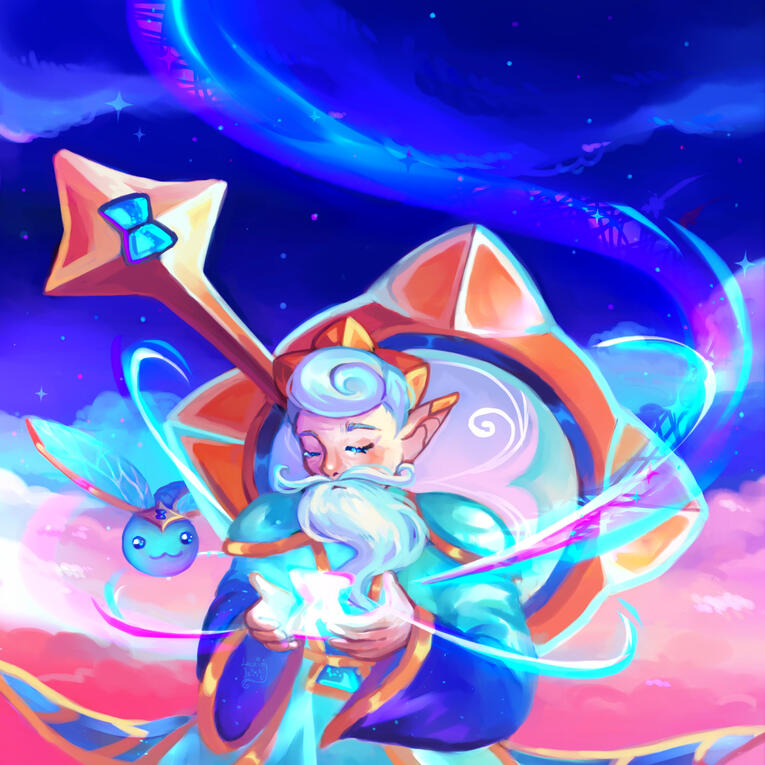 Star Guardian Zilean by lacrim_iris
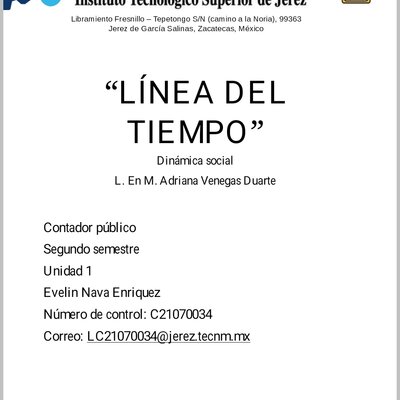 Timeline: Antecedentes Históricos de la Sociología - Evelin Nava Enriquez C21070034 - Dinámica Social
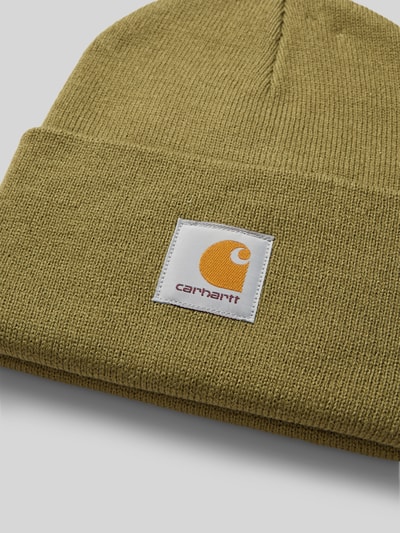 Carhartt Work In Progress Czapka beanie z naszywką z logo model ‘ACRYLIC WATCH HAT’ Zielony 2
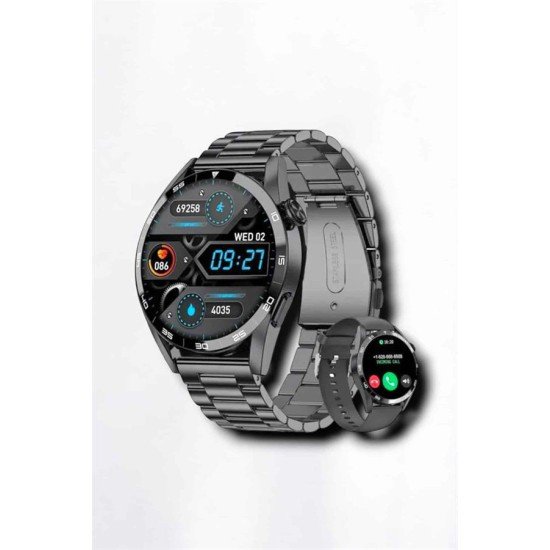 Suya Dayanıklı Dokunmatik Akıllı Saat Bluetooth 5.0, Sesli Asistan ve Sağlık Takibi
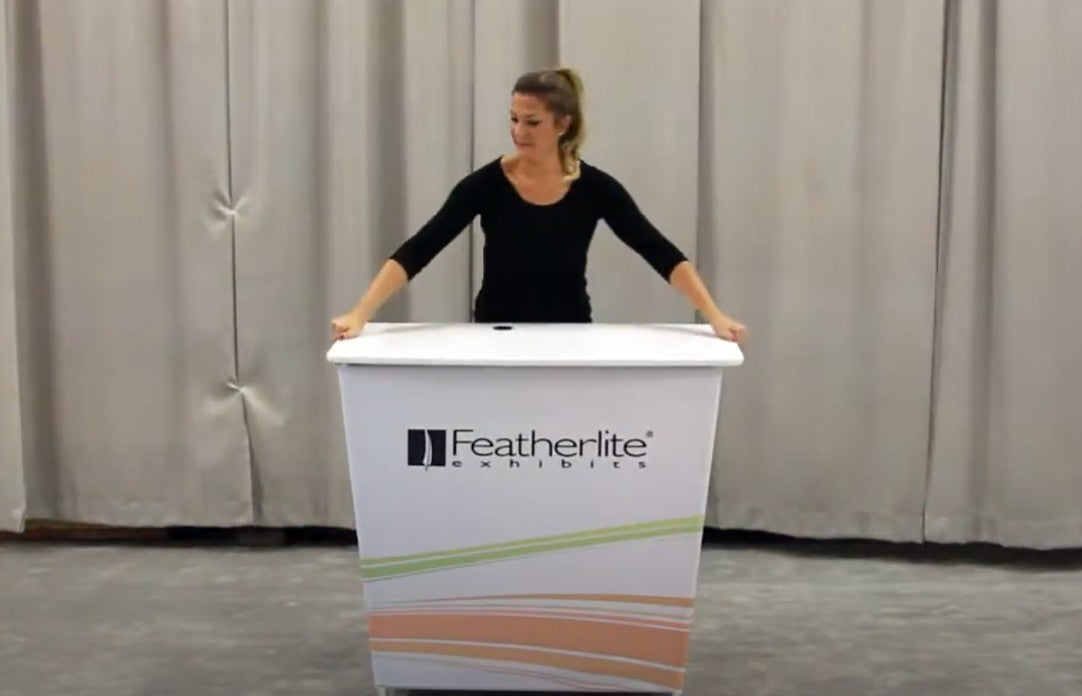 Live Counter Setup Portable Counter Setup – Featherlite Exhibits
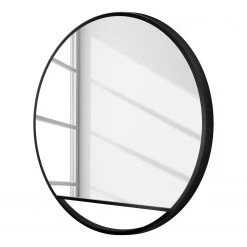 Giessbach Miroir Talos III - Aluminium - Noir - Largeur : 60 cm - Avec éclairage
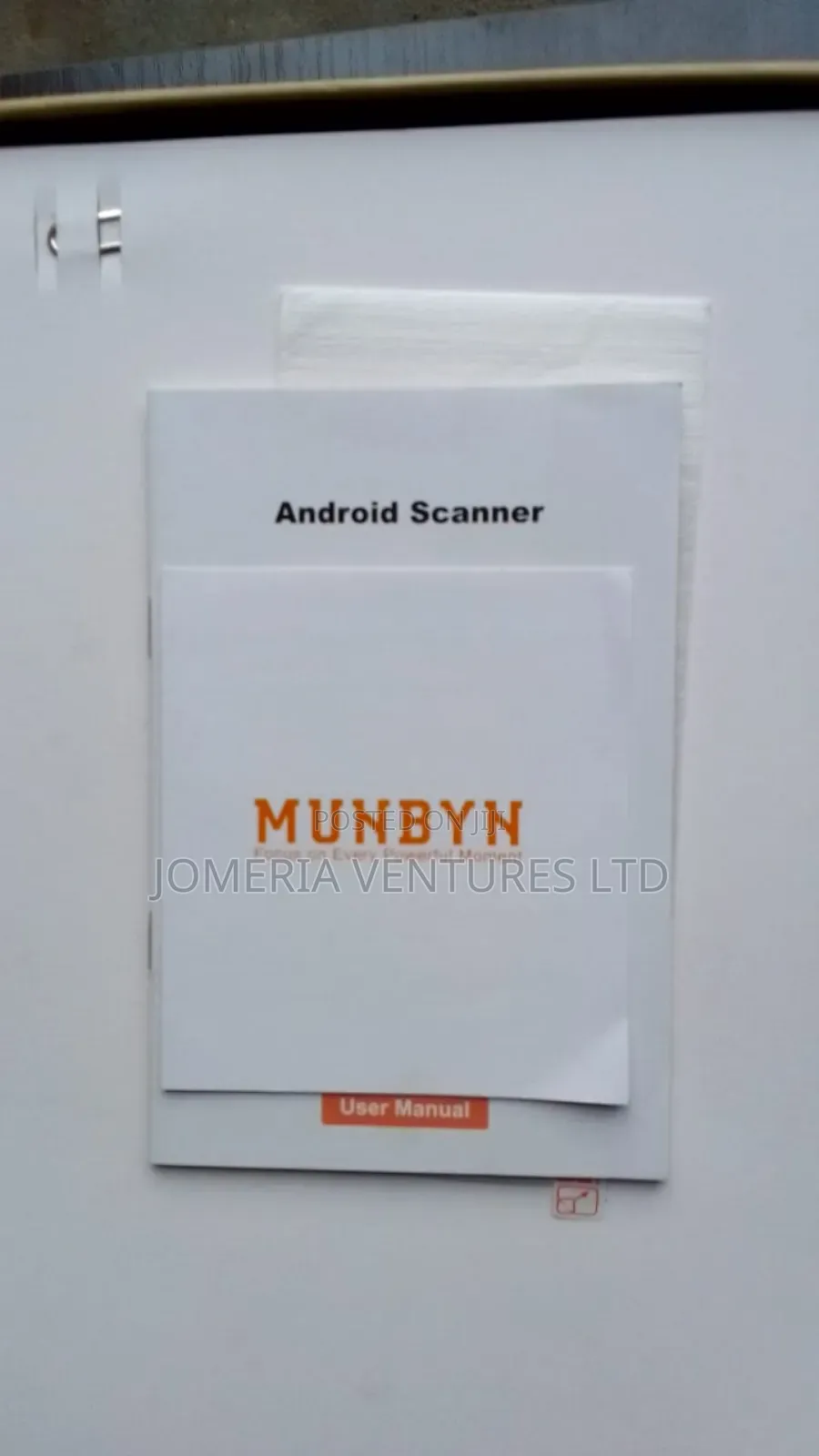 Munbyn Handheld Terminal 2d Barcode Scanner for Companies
==================================================
In the answer, include exactly the lines from the one containing "Live Counter Setup" through the end of the records above and no pictures at all.

Written solution:
 Live Counter Setup Portable Counter Setup – Featherlite Exhibits
 Giessbach Miroir Talos III - Aluminium - Noir - Largeur : 60 cm - Avec éclairage
 Munbyn Handheld Terminal 2d Barcode Scanner for Companies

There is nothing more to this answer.